#### Task to complete:
I'd like the entries repeated exactly, without their pictures.

#### Input records:
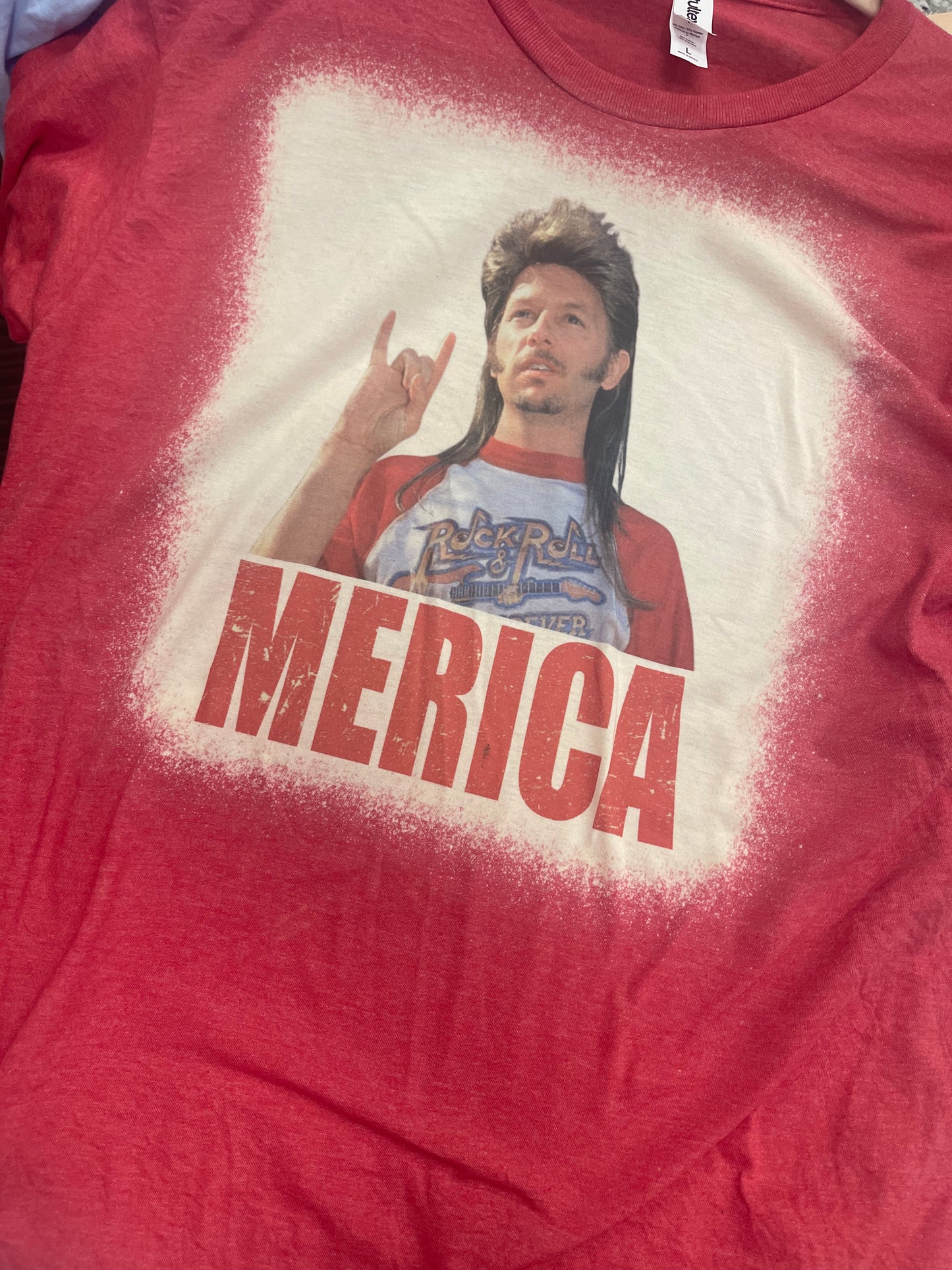 ‘Merica Joe Dirt ~ Bleached Graphic Tee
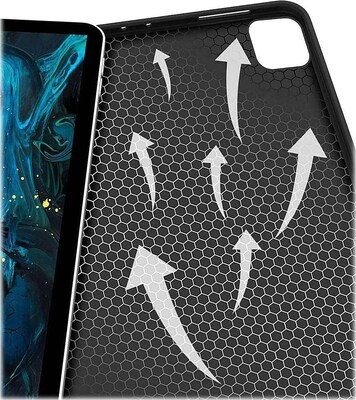 SaharaCase Apple iPad Pro 11" (3rd Gen 2021 & 4th Gen 2022) Protection Bundle, Case with Tempered Glass Screen, Pink Marble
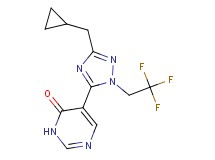 5-[3-(cyclopropylmethyl)-1-(2,2,2-trifluoroethyl)-1H-1,2,4-triazol-5-yl]pyrimidin-4(3H)-one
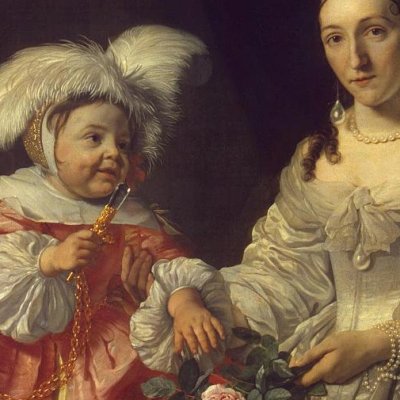 Pieter Lucaszn van de Venne avec Anna de Carpentier et leur enfant - Bartholomeus van der Helst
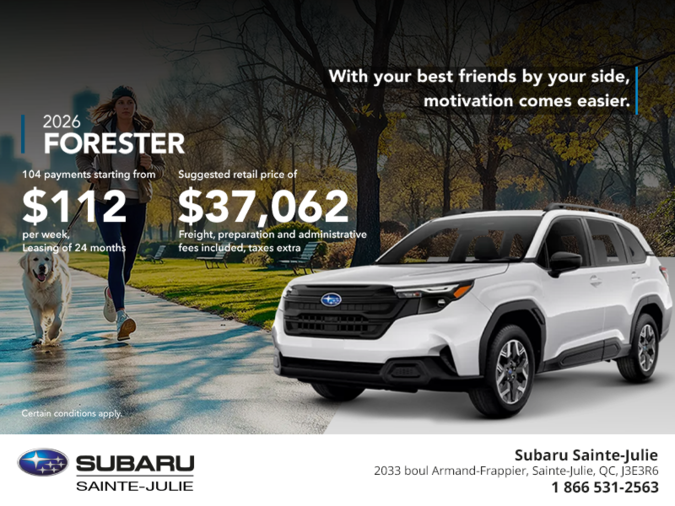 Get the 2026 Forester!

#### Exercise response:
 ‘Merica Joe Dirt ~ Bleached Graphic Tee
 SaharaCase Apple iPad Pro 11" (3rd Gen 2021 & 4th Gen 2022) Protection Bundle, Case with Tempered Glass Screen, Pink Marble
 5-[3-(cyclopropylmethyl)-1-(2,2,2-trifluoroethyl)-1H-1,2,4-triazol-5-yl]pyrimidin-4(3H)-one
 Pieter Lucaszn van de Venne avec Anna de Carpentier et leur enfant - Bartholomeus van der Helst
 Get the 2026 Forester!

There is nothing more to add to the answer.